La suspicion fut focalisée sur des femmes. En l’occurrence des devineresses de petit commerce, à maléfices insignifiants, mais qui animeraient des sabbats convulsionnaires à relents méphitiques. Elles subirent des atrocités corporelles, brûlées en public, souvent sans jugement. (Le procès de Jeanne d’Arc en 1431 restant une exception exemplaire.) Ces persécutions se déroulèrent de 1570 à 1630 entre la Lorraine, les évêchés rhénans et l’actuel territoire helvétique. En notre Pays de Vaud, 2000 suspects furent exécutés, dont plusieurs au  château de Chillon. LL.EE de Berne notèrent «avec regret et tristesse à quel point la négation de Dieu et la soumission au mauvais esprit prend de l’ampleur chez nos sujets en pays Romand».

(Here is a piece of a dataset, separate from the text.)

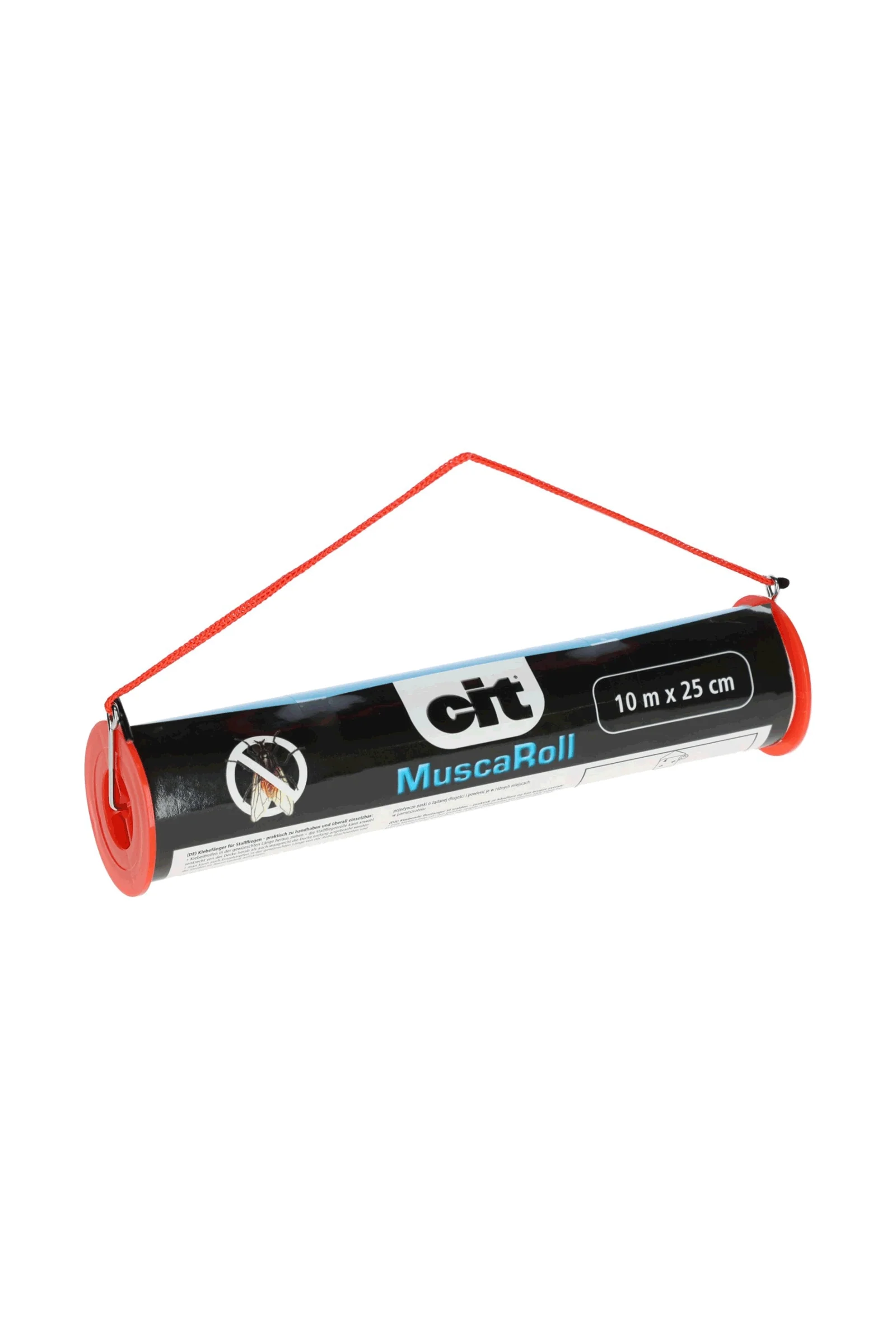 Miniaturebillede 1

Ce carnage se perpétua en Suisse durant trois siècles. Quelque 3500 «satanistes», dont 70% des femmes, y ont péri, surtout par le feu. En 1731, à Fribourg, on arracha les ongles d’une dame Catillon  avant de la carboniser, parce qu’elle s’était «transformée en renard».

La dernière qui expia ce faux crime le fut par décapitation, en 1782 à Glaris: Anna Göldin, une servante de grande beauté, avait osé accusé son maître de harcèlement sexuel.

Aujourd’hui, on ne les brûle plus. Les sorcières sont désormais cartomanciennes, chiromanciennes ou interlocutrices de vos chers disparus. En échange d’une somme convenue, elle vous enlace le poignet d’un bracelet-grigri en onyx qui éloigne le mauvais oeil. 

On leur préfère ces guérisseuses, sans maquillage de Halloween, qui gratuitement ont le doux pouvoir de vous soulager d’une douleur à distance.